_Data provided_.

»»

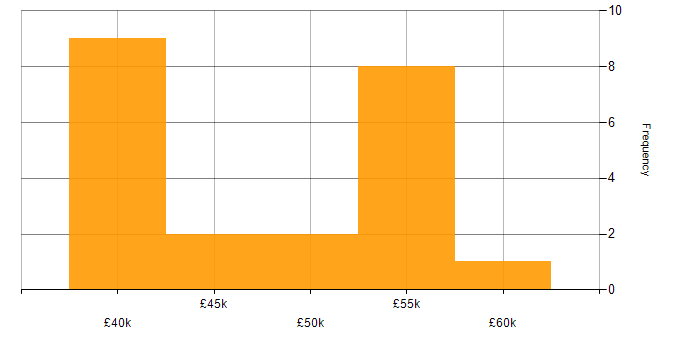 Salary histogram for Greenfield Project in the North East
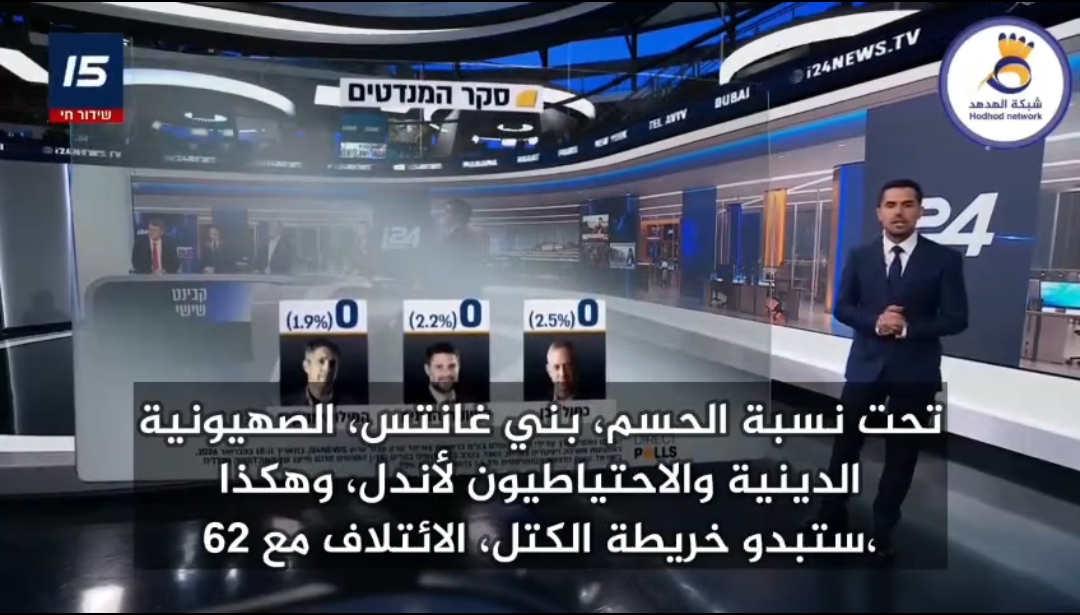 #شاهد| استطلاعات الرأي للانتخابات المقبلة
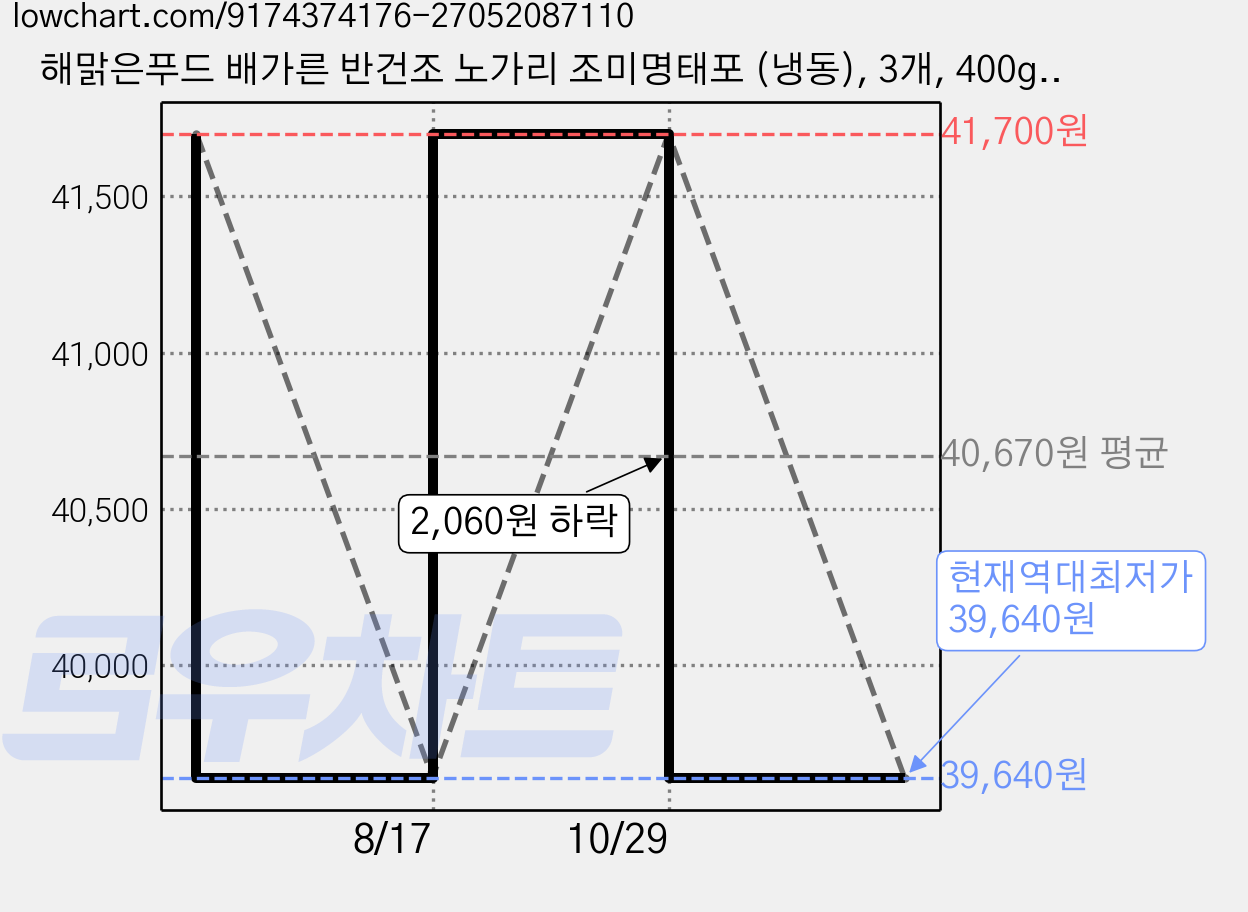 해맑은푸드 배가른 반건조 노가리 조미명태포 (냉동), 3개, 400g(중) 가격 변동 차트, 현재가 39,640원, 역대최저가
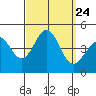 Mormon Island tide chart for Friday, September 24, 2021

««

_Your objective_. Take the data above and repeat it exactly, leaving each picture out.

_Written solution_.
 Salary histogram for Greenfield Project in the North East
 #شاهد| استطلاعات الرأي للانتخابات المقبلة
 해맑은푸드 배가른 반건조 노가리 조미명태포 (냉동), 3개, 400g(중) 가격 변동 차트, 현재가 39,640원, 역대최저가
 Mormon Island tide chart for Friday, September 24, 2021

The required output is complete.